The omnidirectional wheels may each comprise a mecanum wheel.

The ground vehicle apparatus may further comprise a protector configured to prevent entanglement of objects with an omnidirectional wheel from the at least four independently actuated omnidirectional wheels.

The protector may comprise a wheel cover configured to cover cavities in the independently actuated omnidirectional wheel. The wheel cover may be integrated in a wheel frame, in which the wheel frame pivotally holds the omnidirectional wheel.

The protector may comprise one or more of a brush and a blower. The protector may be configured to push the objects away from the omnidirectional wheel.

The ground vehicle apparatus may further comprise a serrated insert configured to cut objects entangled on the ground vehicle apparatus.

The ground vehicle apparatus may also have a guide device for aligning the auxiliary drive with the rail system.

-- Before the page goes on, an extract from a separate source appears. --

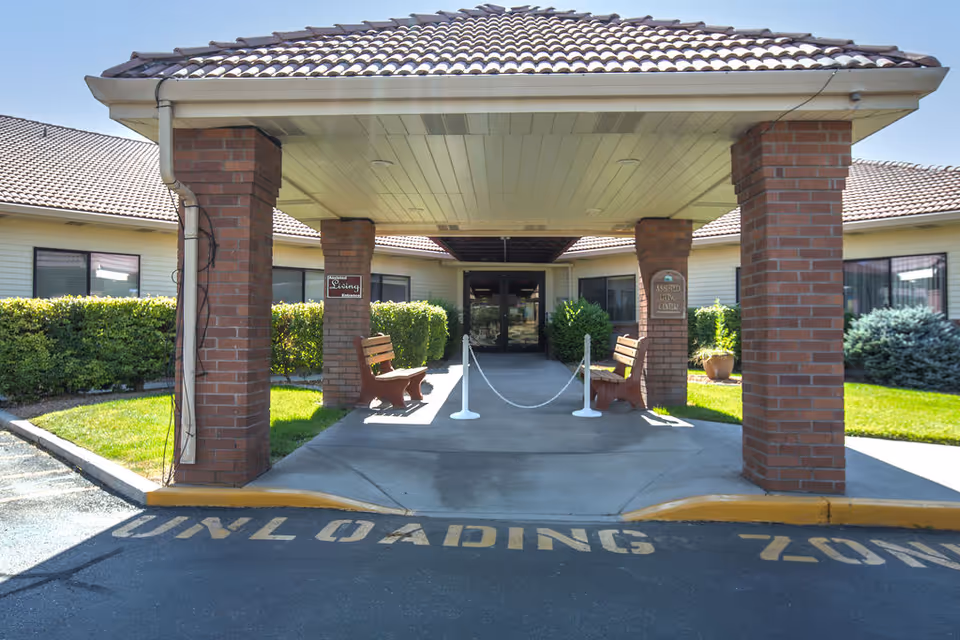 Covered driveway entrance with brick columns, benches, and a rope barrier leading to the front doors of a senior living facility.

The ground vehicle apparatus may further comprise a sensor configured to generate data regarding the rail system, and wherein the controller processes the data to detect the rail system. The sensor may be a vision- based sensor configured to capture images from the rail system. The controller may be configured to, in response to the detection of the rail system, generate commands signals to transfer the ground vehicle apparatus to the detected rail system.

In accordance with another disclosed aspect, there is provided a method for transferring a ground vehicle apparatus to a rail system, the method comprising: detecting the rail system using a controller of the ground vehicle apparatus, wherein the controller is operatively coupled to a sensor and is configured to obtain data regarding the rail system from the sensor; in response to detecting the rail system, generating first command signals, by the controller, to holonomically drive the ground vehicle apparatus toward the detected rail system along a surface using a primary drive of the ground vehicle apparatus; and causing the controller to generate second command signals to drive the primary drive to the detected rail system and to engage an auxiliary drive, coupled to the primary drive, to transfer the ground vehicle apparatus to the detected rail system.

In the disclosed method, detecting the rail system may comprise calculating a position and an alignment of the rail system with respect to the ground vehicle apparatus.

The sensor may comprise a vision-based sensor configured to take vision-based images of the rail system.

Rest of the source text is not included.